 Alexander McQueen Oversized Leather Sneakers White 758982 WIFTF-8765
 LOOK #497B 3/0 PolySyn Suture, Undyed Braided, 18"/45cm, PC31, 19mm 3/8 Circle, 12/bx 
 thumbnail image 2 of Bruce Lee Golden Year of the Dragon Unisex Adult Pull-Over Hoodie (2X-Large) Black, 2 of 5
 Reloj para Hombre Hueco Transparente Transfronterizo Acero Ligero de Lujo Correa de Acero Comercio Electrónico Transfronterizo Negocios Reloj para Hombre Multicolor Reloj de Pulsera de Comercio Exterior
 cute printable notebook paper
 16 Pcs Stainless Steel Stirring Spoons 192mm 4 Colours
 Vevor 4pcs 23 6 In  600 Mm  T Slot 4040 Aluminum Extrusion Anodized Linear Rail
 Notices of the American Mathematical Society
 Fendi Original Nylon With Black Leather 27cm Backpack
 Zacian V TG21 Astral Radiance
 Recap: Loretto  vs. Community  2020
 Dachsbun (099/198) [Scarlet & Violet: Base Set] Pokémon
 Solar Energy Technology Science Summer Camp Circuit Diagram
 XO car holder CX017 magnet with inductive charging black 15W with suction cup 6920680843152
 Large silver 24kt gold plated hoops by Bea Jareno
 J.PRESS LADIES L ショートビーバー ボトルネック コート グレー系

Problem requirements: Output the line containing "16 Pcs Stainless" together with all later lines of the entries, exactly as written, through the final line.

The answer:
 16 Pcs Stainless Steel Stirring Spoons 192mm 4 Colours
 Vevor 4pcs 23 6 In  600 Mm  T Slot 4040 Aluminum Extrusion Anodized Linear Rail
 Notices of the American Mathematical Society
 Fendi Original Nylon With Black Leather 27cm Backpack
 Zacian V TG21 Astral Radiance
 Recap: Loretto  vs. Community  2020
 Dachsbun (099/198) [Scarlet & Violet: Base Set] Pokémon
 Solar Energy Technology Science Summer Camp Circuit Diagram
 XO car holder CX017 magnet with inductive charging black 15W with suction cup 6920680843152
 Large silver 24kt gold plated hoops by Bea Jareno
 J.PRESS LADIES L ショートビーバー ボトルネック コート グレー系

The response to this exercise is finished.